In another place, the measure confirms this, saying that, upon enactment by the voters:
the [California] Government Code [would be amended to say that] the legislative consent required by Section 3 of Article IV of the United States Constitution for the creation of three (3) states within the current boundaries of the State of California, as provided by Article 3 of Chapter 1 of Division 1 of Title 1, is given by the people.
And finally, the measure says, without regard to any action the elected state legislature might or might not take, that if the measure is adopted in November of 2018, “[o]n January 1, 2019, the Governor shall transmit a copy of the certified election results enacting this Article to Congress, with a request that Congress act upon the consent of the people within twelve (12) months.”
So the measure explicitly purports to provide the consent by the “legislature” required by the federal Constitution.
Yet if I am correct that, best read, US Supreme Court case law (rightly or wrongly) forecloses the people from giving consent directly, the Cal3 initiative, even if adopted, could have no legal effect.
Cal3 supporters might believe that, even then, the measure could provide specific information to the elected legislature about what the people of the state want. Wouldn’t such an “advisory” measure still be of some utility, they might suggest?

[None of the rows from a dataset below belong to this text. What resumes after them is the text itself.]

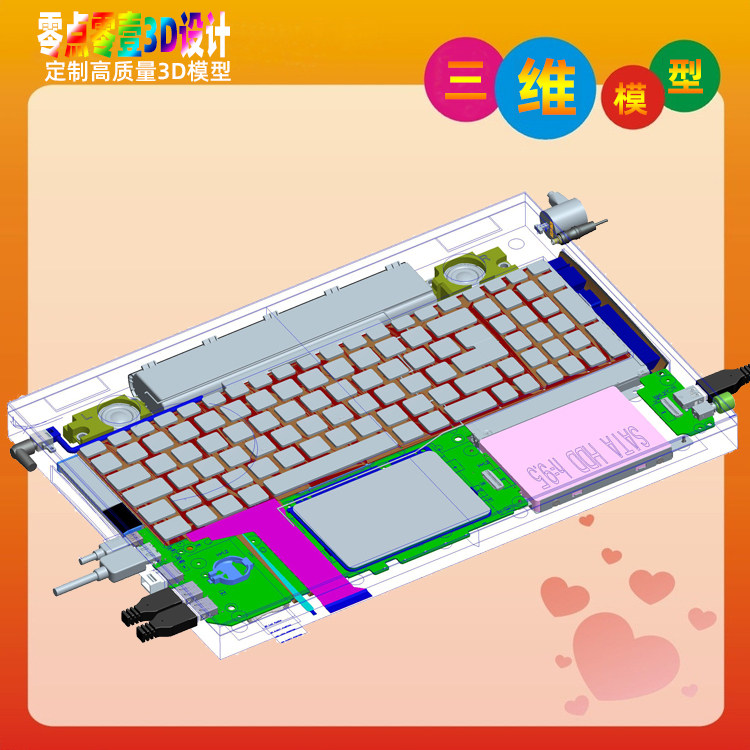 Creo笔记本电脑PCB堆叠设计电路板三维模型Proe建模设计画图素材属于什么档次？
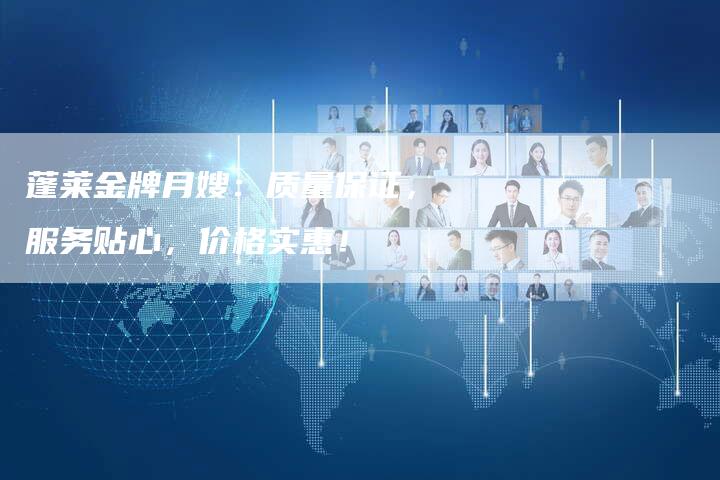 蓬莱金牌月嫂：质量保证，服务贴心，价格实惠！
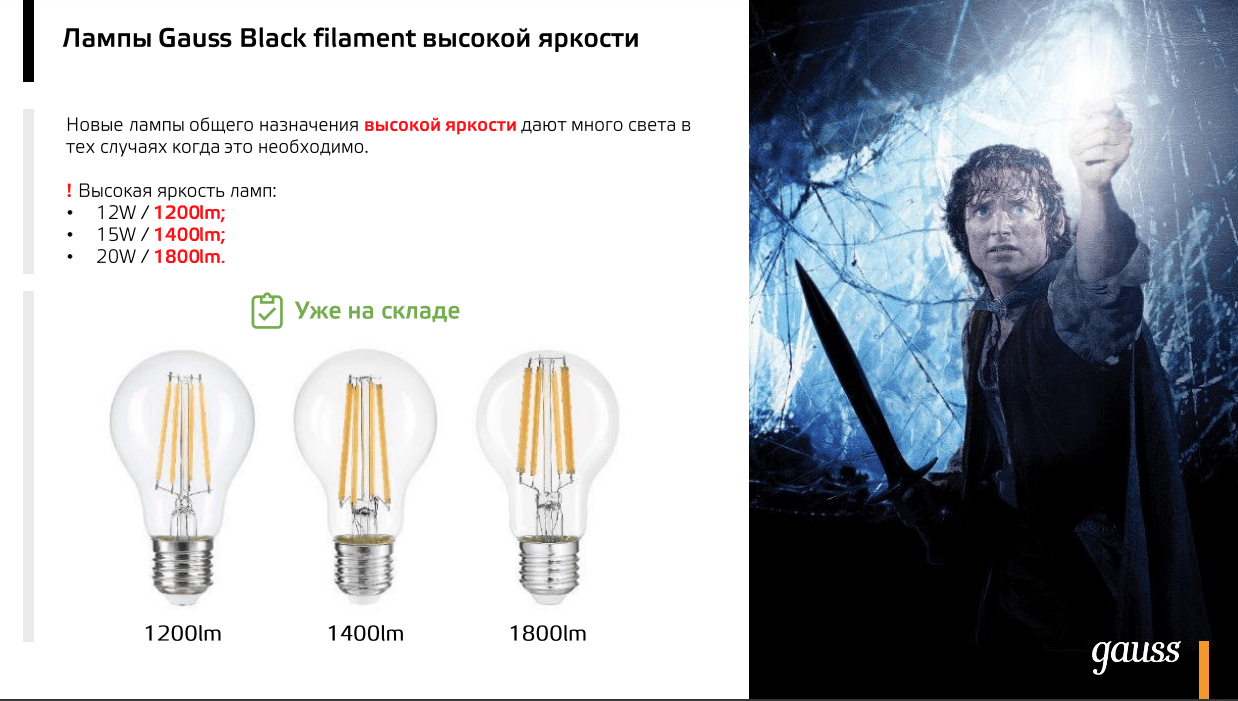 102902215 Лампа Gauss Filament А60 15W 1450lm 4100К Е27 LED 1/10/40 купить  за 509<span class=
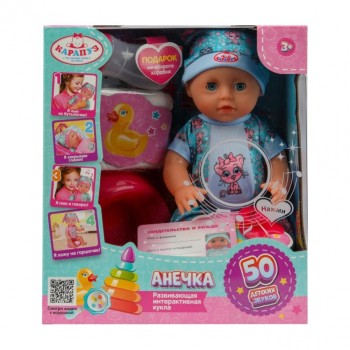 Пупс озвуч 25см, пьет, писает, закр. глазки, 4акс, 50 звуков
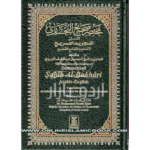 Sahih Al-bukhari (Summarized Large Size)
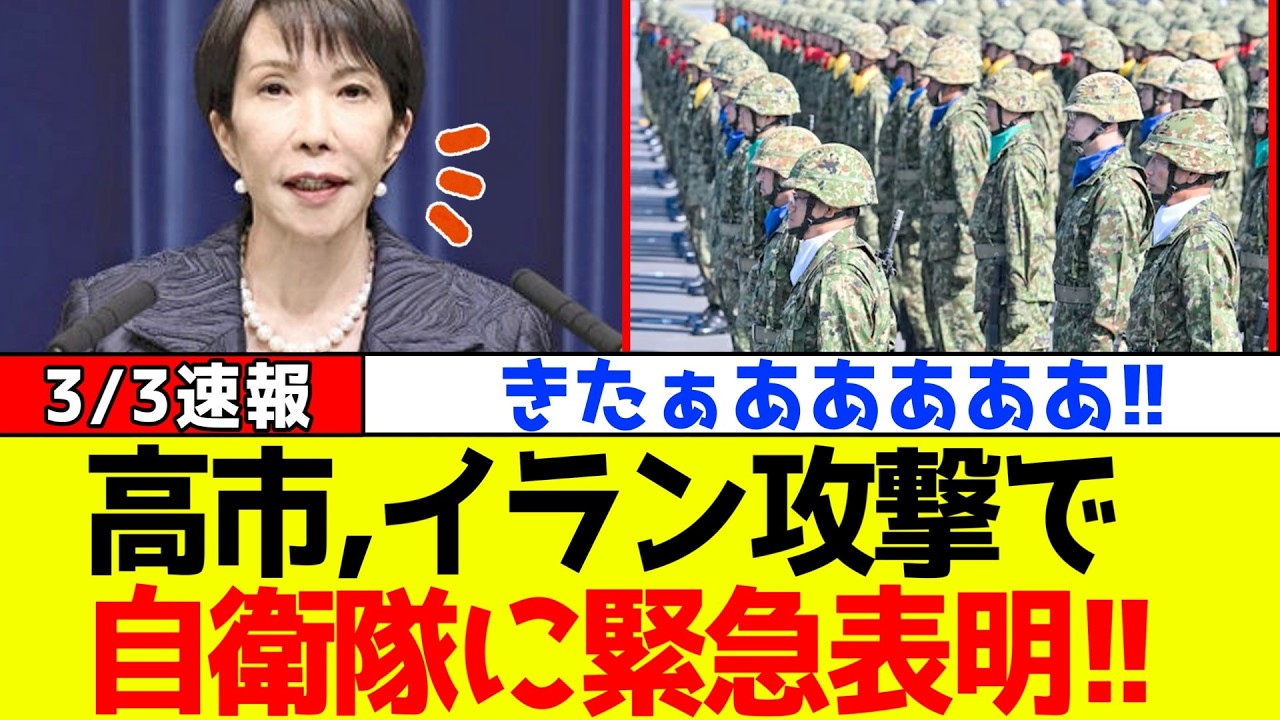 【衝撃】自民党、高市総理が米国のイラン攻撃でついに自衛隊について緊急表明！！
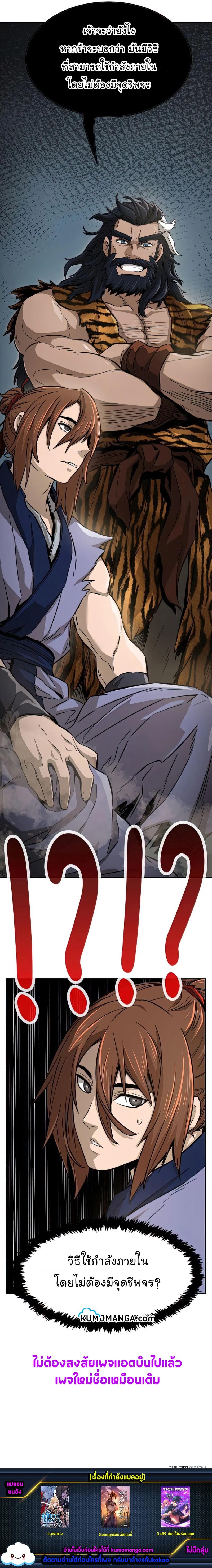 Manga-lc-com อ่านมังงะ อ่านการ์ตูน ออนไลน์ ฟรี Absolute Sword Sense ตอนที่ 1 2 3 4 5 6 7 8 9 10 11 12 13 14 ฟรี ไม่มีโฆษณา Manga-lc - อ่าน มังงะ อ่าน การ์ตูน ออนไลน์ อ่านมังงะ ฟรี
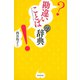 勘違いことばの辞典（東京堂出版）（PHP研究所） [電子書籍]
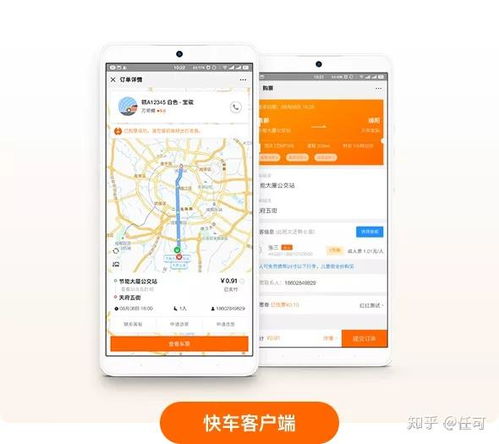 月行网约车 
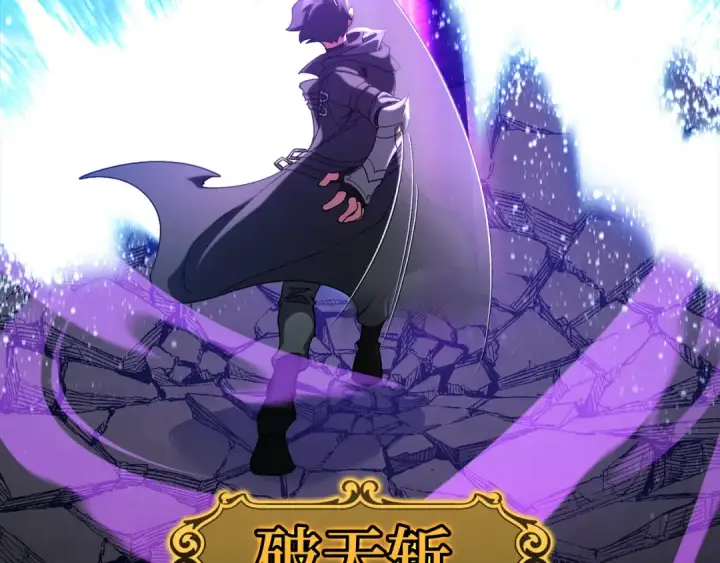 《练级20年，出门就是满级反派》第82话 他是我的！图188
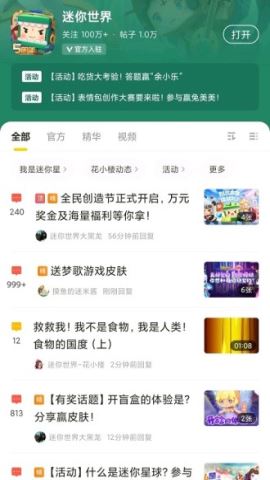 摸摸鱼游戏盒子app官方版v1.39.50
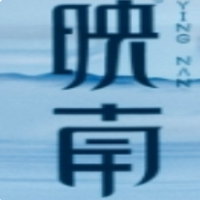 映南巴马泉水加盟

Perhaps in theory, but the California Supreme Court has made clear that purely advisory-measure initiatives, that do not alter law but rather simply provide information to the legislature about the views of the people, are not a proper use of the initiative mechanism. For those who want background on this topic, and the seminal 1984 American Federation of Labor v. Eu case that makes state law clear in this regard, an earlier Verdict column might be helpful.
California may be wrong to ban advisory initiatives. And the distinction the California Supreme Court has recently drawn between advisory initiatives invited by the elected legislature (which are ok) and those that emanate directly from the people (which are not) may be flawed, but state constitutional law is clear: advisory measures (as Cal3 surely is, once it is shorn from its legally ineffective attempt to provide “consent” under the federal Constitution) have no place on the state ballot.
And so lawsuits to block Cal3 from the ballot should be winners. (I am aware of one such lawsuit recently filed, but it raised only the state law “revision/amendment” claim, not the federal Article IV claim.) Of course, getting a court to strike something from an upcoming ballot might be hard (since some courts might prefer to let the voters have their say and hope that no court resolution will ever be needed after the election.) But if the point of California’s ban on advisory initiatives is that these are improper modes of conveying information to the legislature, then the clear legal flaws of Cal3 (which render it advisory only, as the Cal3 website seems almost to admit) argue in favor of pre-election review.